漁港に入港するときやそばを通るときは漁船がその港に出入りするところをよく見るようにしています。記録まではしていませんが。

菅野 モーターボートやヨットの場合の船位確認は、ほとんど経験に基づく目視だと思います。ですから、ちょっとの判断ミスが座礁などの事故につながります。自分の行動範囲の略図とか海図のコピーに目標とか危険箇所を書いた「自分図」とでもいいますかそのようなものを作り手元に置くことをお勧めします。

行動海域はある程度決まっているでしょうから、一度作成すればいつも活用でき便利です。

根本 調査といえば、私は時化のとき、よく車で海の様子を見にいくのです。そうするとどこに岩があって、どういう入り方をしなければいけないかが分かります。

先週も千葉県保田に行って干潮時の岩の出方などを見てきました。
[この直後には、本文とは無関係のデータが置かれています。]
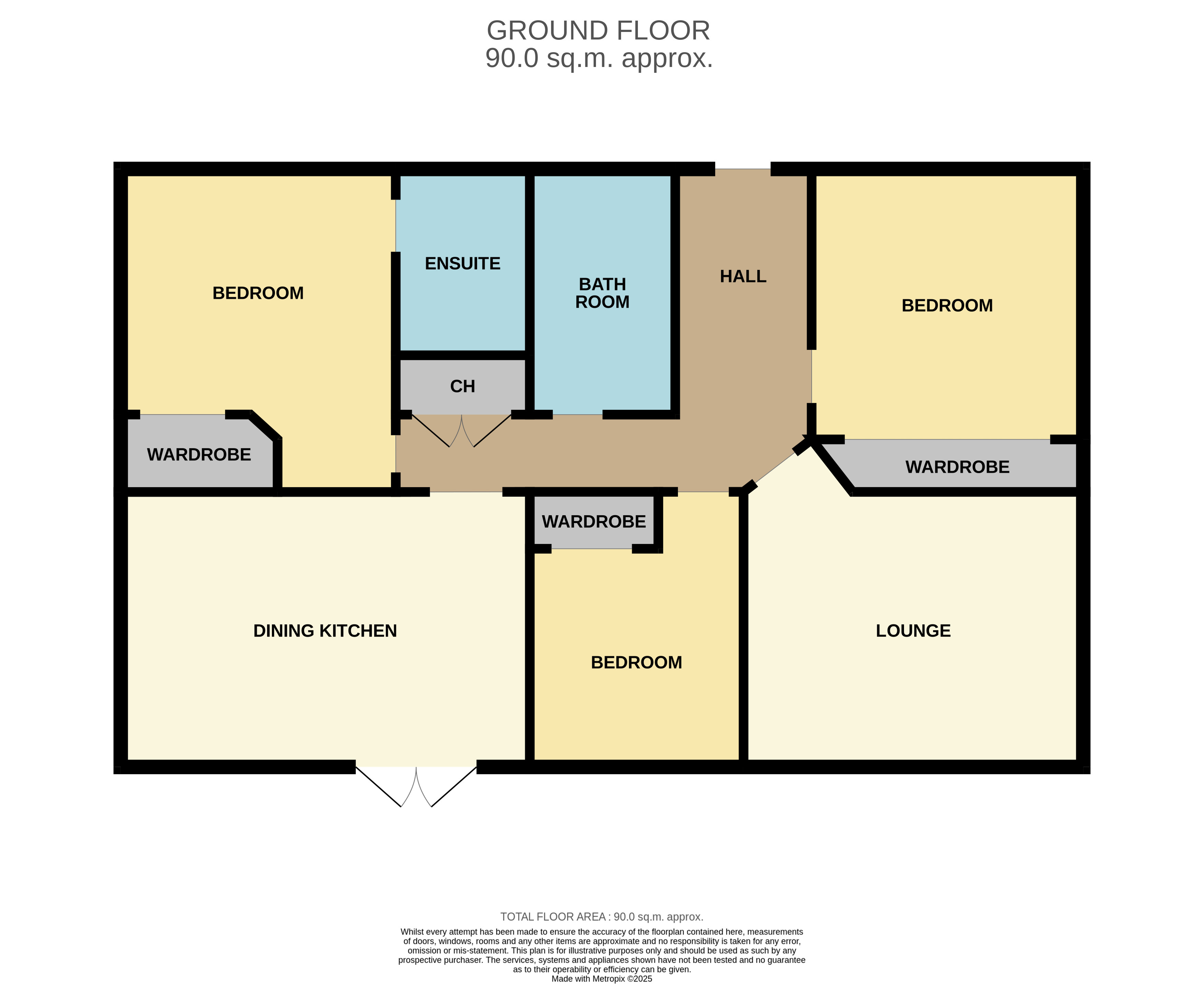 11, Mary Countess Way, Glamis, Forfar floorplan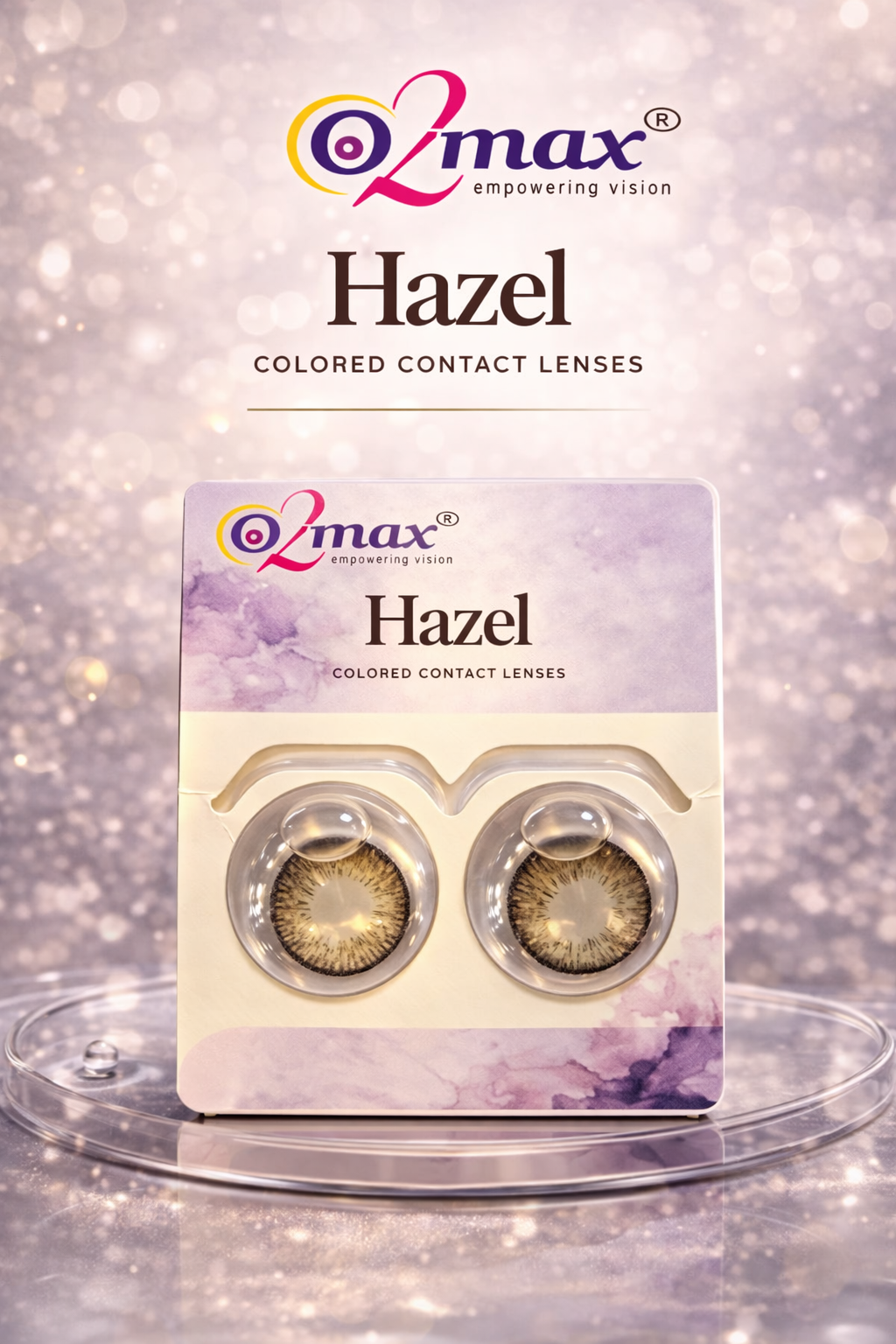 Hazel Contact Lenses – O2 MAX - Natural Look
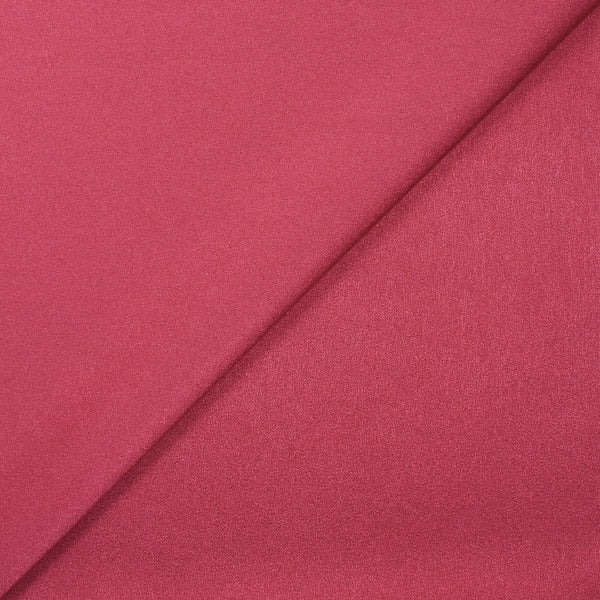Crêpe satin effet lavé rouge framboise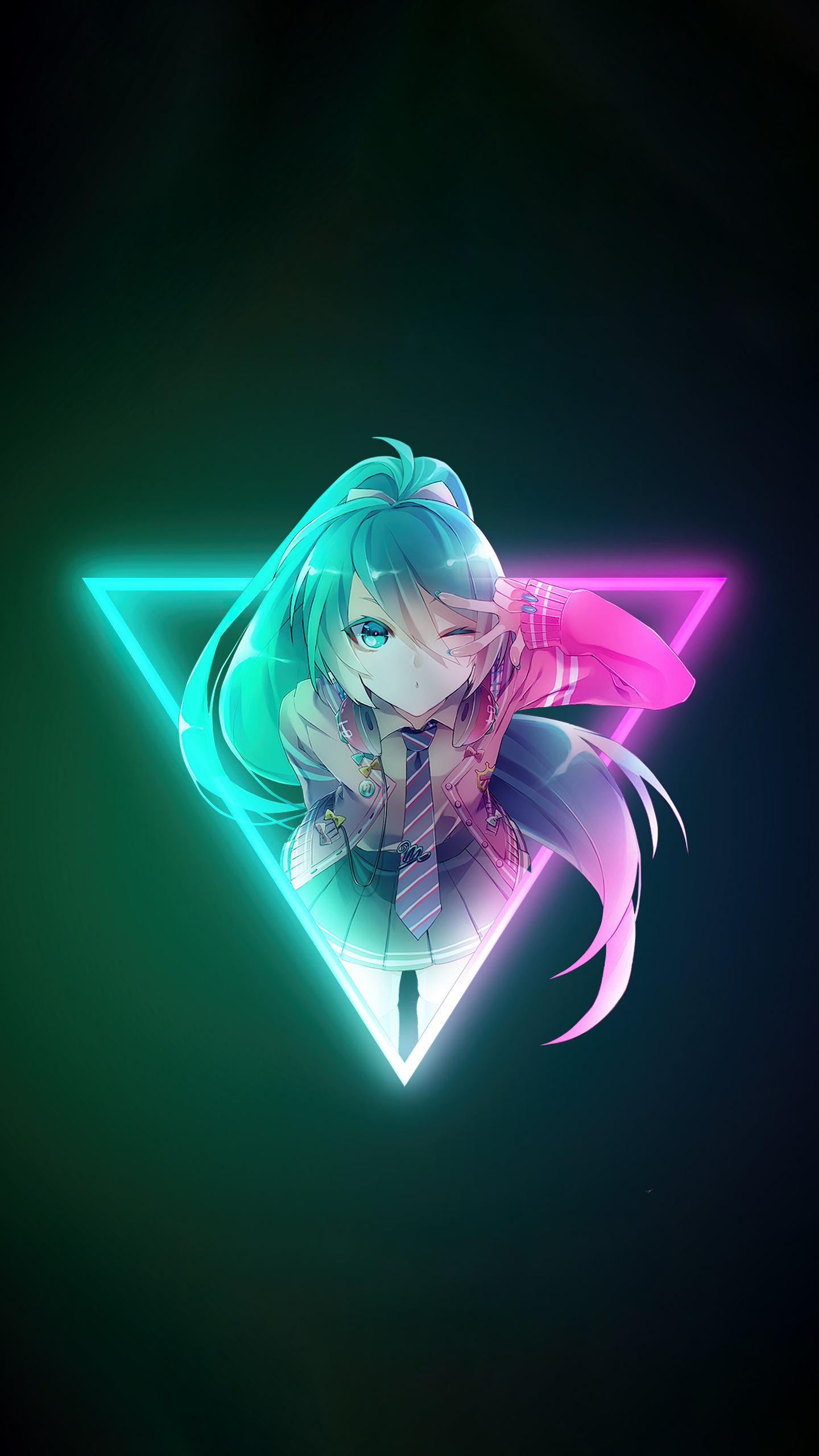 Anime Girl Retro Minimal 4k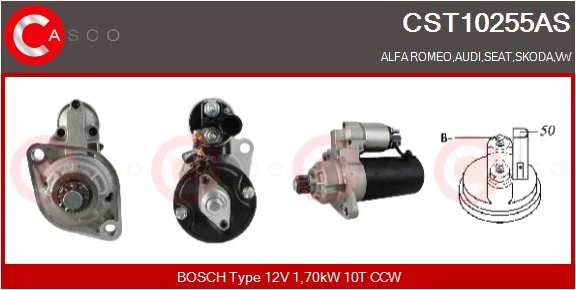 Startér CASCO CST10255AS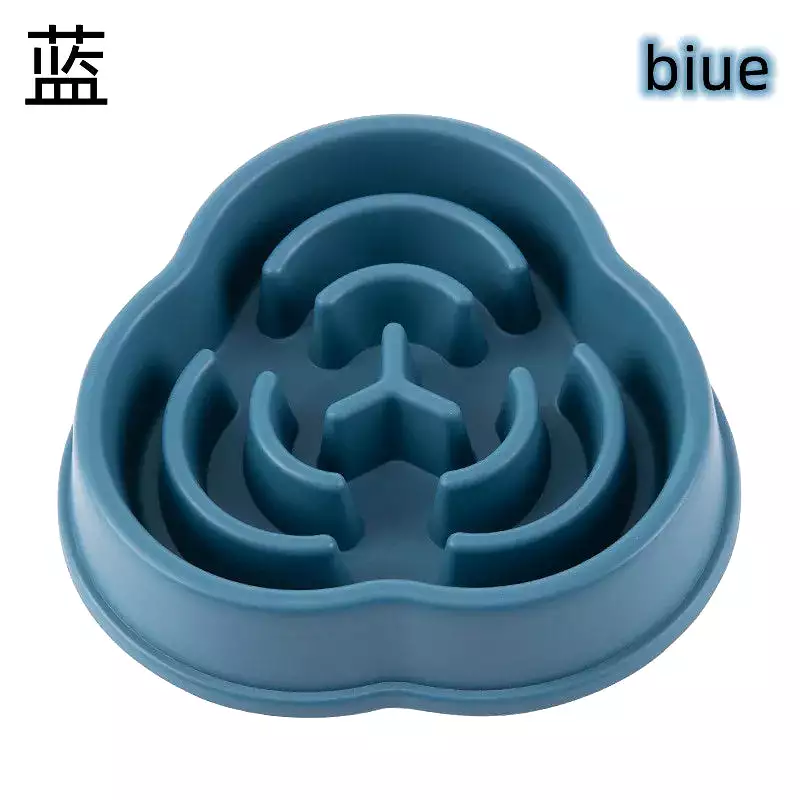 Pet Cat Dog Slow Food Bowl Fat Help Healthy Round Anti-choking Thickened And Non-slip Multiple Colors Shapes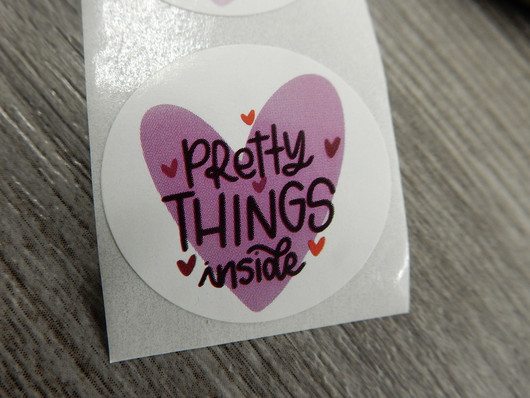 Pretty things inside tarra, 25mm, pinkki, 10kpl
保田にはよく入りますので……。

菅野 記録はとるのですか。

根本 記録しませんが、何回も行くと頭の中に残りますから、何かで避難する場合、どうのように行動すればよいかが分かります。

菅野 前に言いましたようにせっかく調べたのですから記憶より記録ですよ。あの長嶋監督は記録より記憶に残る人だそうですが(笑)、野球と海は別です。必ず記録して自分図、自分ノートを作ってほしいですね。そのようなものをつくるのは案外楽しいものですよ。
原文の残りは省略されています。